According to a recent report, 1 in 4 baby boomers said they didn’t start saving for retirement until they turned 50. Even worse, over one-third of them say they still have no retirement savings.

If you fit into either of these categories – don’t panic. You may have to work past your planned retirement age, but there’s still hope.

Here are four ways to catch up if you’re behind on saving for retirement.

Pay yourself first

4 Ways to Catch Up If You’re Behind on Saving for Retirement

If you haven’t been putting enough, or any, money aside for retirement – start today by paying yourself first every time you get paid, whether it be your regular wages, bonuses, tips, or commissions.

Commit to taking a percentage of your income and having it automatically deposited into a retirement plan or savings account. It’s okay if you need to start small. 5-10% is a good start.

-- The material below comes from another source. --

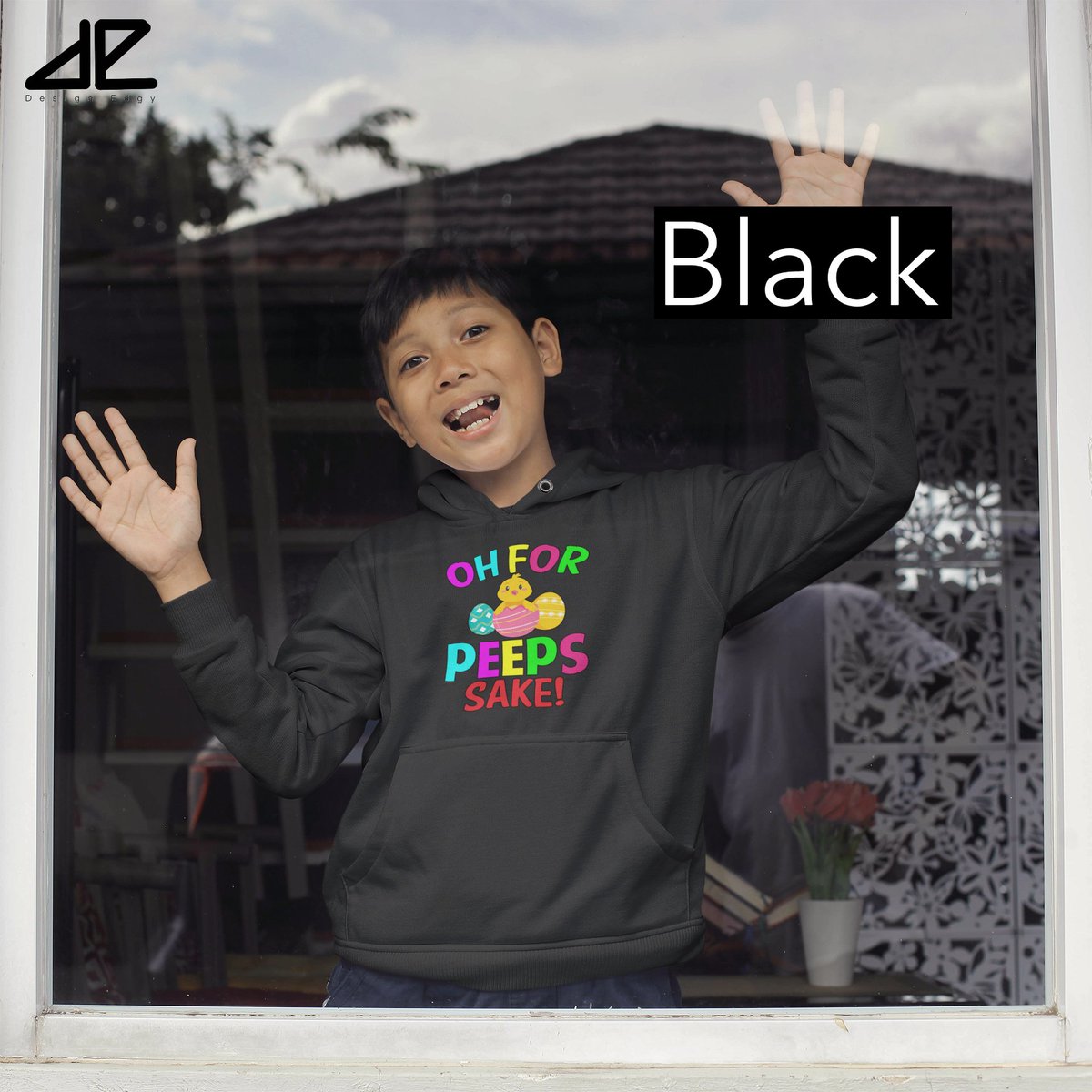 design_edgy's tweet photo. 🔥Order Your "Oh For Peeps Sake" Hoodie Today🔥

You may be asking, “I don’t have any money left at the end of the month; how will I save anything?” You may not like the answer – you will have to cut back on your expenses.

Take a look at your spending from the last three months. What are some things that are jumping out at you that you know you really didn’t need? For example, are you dining out or having food delivered too often? Do you have too many premium cable channels or streaming services? Did you need to stop for that extra coffee on the way to work?

We can all trim some fat from our spending. It’s not enjoyable, but if you want to retire eventually, you need to make some budget cuts today.

Pay off your debts

Paying interest only helps your lender – not you, especially with interest rates being as high as they currently are. Since the Federal Reserve’s latest interest rate hike, credit card rates have hit record highs, and they’re likely only going higher.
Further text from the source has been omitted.